Sözü özüne bırakacak olursak, ele aldığım bazı konulara havadan sudan girip sanata iliştirmeyi, sonra da olabildiğince geliştirmeyi üslup edindim ben… Bu satırlarım da, o tür üslupla boyutlanan yazılarımın bir örneğini oluşturdu diyebilirim.

 Neyse! Cümlelerimi kasıp havanın “strüktürel / yapısal” hallerini bir cemre gibi kavurmadan, bugünkü değerli konuğumuz Ressam Müge Süel’in sanatsal yaklaşımlarındaki önemli değerleri paylaşmaya başlayalım isterseniz.

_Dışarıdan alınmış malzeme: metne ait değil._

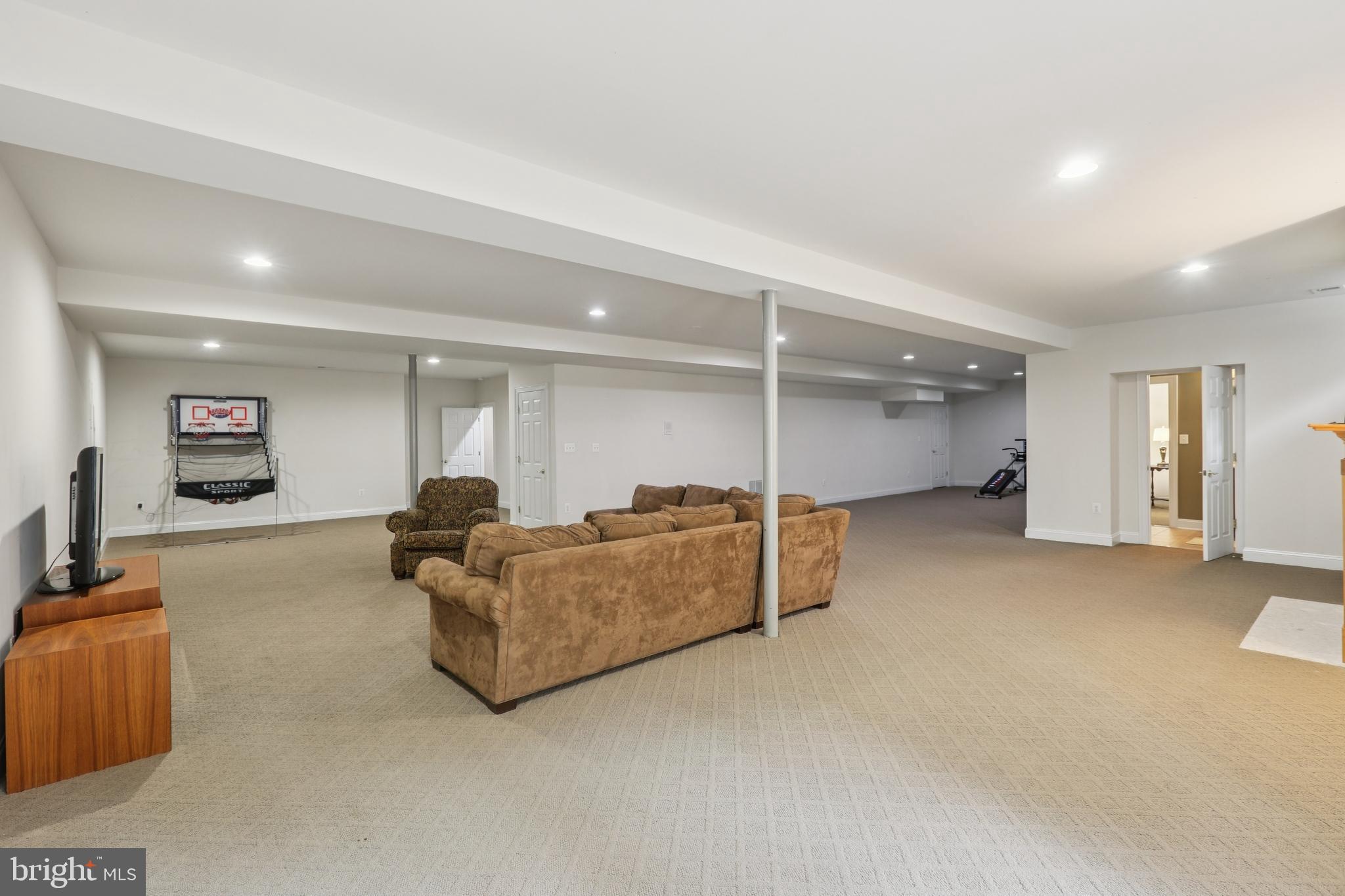 CEDAR CREST - Residential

Çünkü, sanat denilen kavramın hava kadar, su kadar, toprak kadar konuşulmasının, yazılmasının, dolayısıyla da gündemde tutulmasının duygu ve düşüncelerimizdeki karartıyı ışıklandıracağına inananlardan oldum her daim.

***

Müge Süel… 1969 yılında İstanbul’da dünyaya gelmiş. 1991’de, Çukurova Üniversitesi Resim – İş ve Sanat Eğitimi Grafik Anasanat Dalı’nda eğitim gördükten sonra başarıyla mezun olmuş. Bu bağlamda, sanat eğitimcisi olarak hayatını sürdürürken, fırçası, boyası ve tuvaliyle de üretken ressamlar kervanındaki yerini tutmayı bilmiş. Düzenlediği kişisel sergilerinin yanı sıra, yurtiçi ve yurtdışında birçok karma etkinliğe katılarak sanatseverlerle kurduğu bağları güçlendirmiş Süel.

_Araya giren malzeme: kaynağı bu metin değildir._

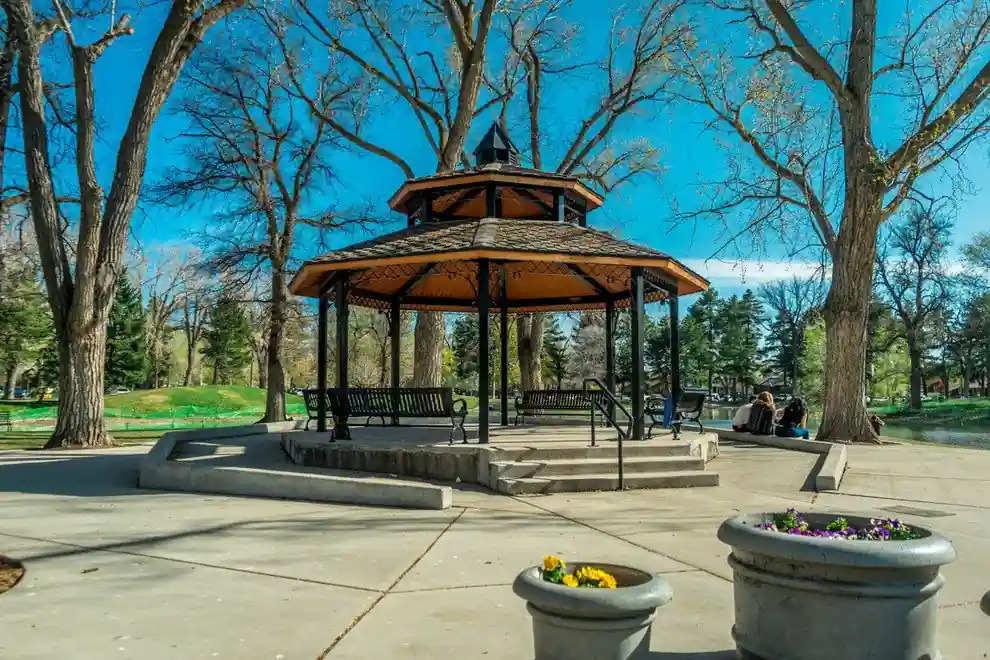 15 Must-Do Things to Do in Salt Lake City in 2025 (You’ll Love These) 10 Liberty Park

OYUN GİBİ BAŞLAYAN RENKLİ BİR HAYAT

Halen Adana’daki atölyesinde çalışmalarını sürdüren Müge Süel, çocukluk çağlarında başlamış resim çizmeye ve renklendirmeye… O vakitlerde resim yapmaya boyalarla oynamak anlamını yükleyen Süel, sanatsal yolculuğu boyunca geliştirdiği çizgiyi şu açıklamalarla dile getiriyor:

“Çamurdan heykeller yapmak, çizgi film izlemek, boyalarla, bebeklerimle, misketlerimle oynamak ve kumdan kaleler yapmak çocukluğuma ait en doğal anılarım arasındadır.”

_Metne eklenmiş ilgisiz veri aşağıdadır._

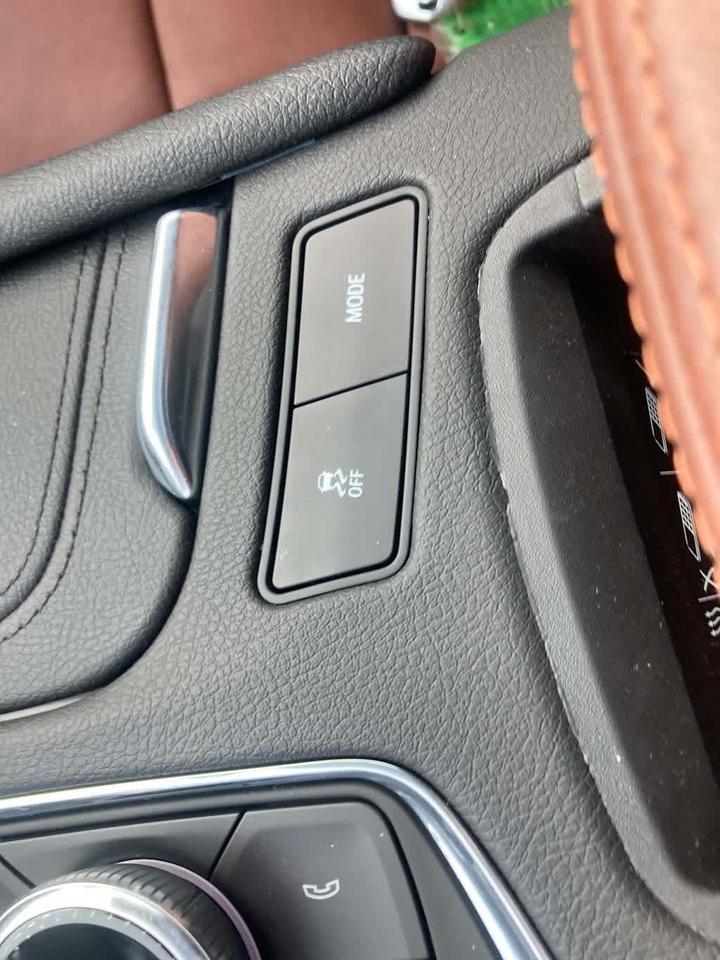 2025 Cadillac XT5 AWD Sport Woburn MA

Halen, soyut dışavurumcu bir yapı ve strüktürel katmanlı bir teknikle doğadan koparılmış kent insanının tinsel yapısıyla ilgilendiğini söyleyen ressamımız, sözlerine şöyle devam ediyor:

“Resim yapmak benim çocukluğum, saflığım ve ben olma çabam demek… Yaşadığımız dünyada yaşadığımız surecin hızlı tüketim bilinciyle doğadan koparılmış insanın hüzünlerini, kendini ifade ediş biçimlerini konu olarak seçiyorum. Resimlerimde insan ve parçası olduğu doğanın izdüşümleriyle, yasadığım sürece samimi bir yanıt olma çabasındayım.”

 Sanatın, insan ruhunun yaradılışındaki doğallığın iyileştirici gücüne inanarak iyiliğin geri dönüşüm zincirine dahil yapısıyla ve gücüyle ürettiğini belirten Müge Süel, sözlerini şu şekilde tamamlıyor:

“Benim için sanatsal üretim, izleyicinin yolculuğuna eşlik etmek. Bu benim hissettiğim resimlerimdeki sorumluluğum. Bu yüzden, kesinliğin değil değişimin gücüne inanarak üretiyorum.”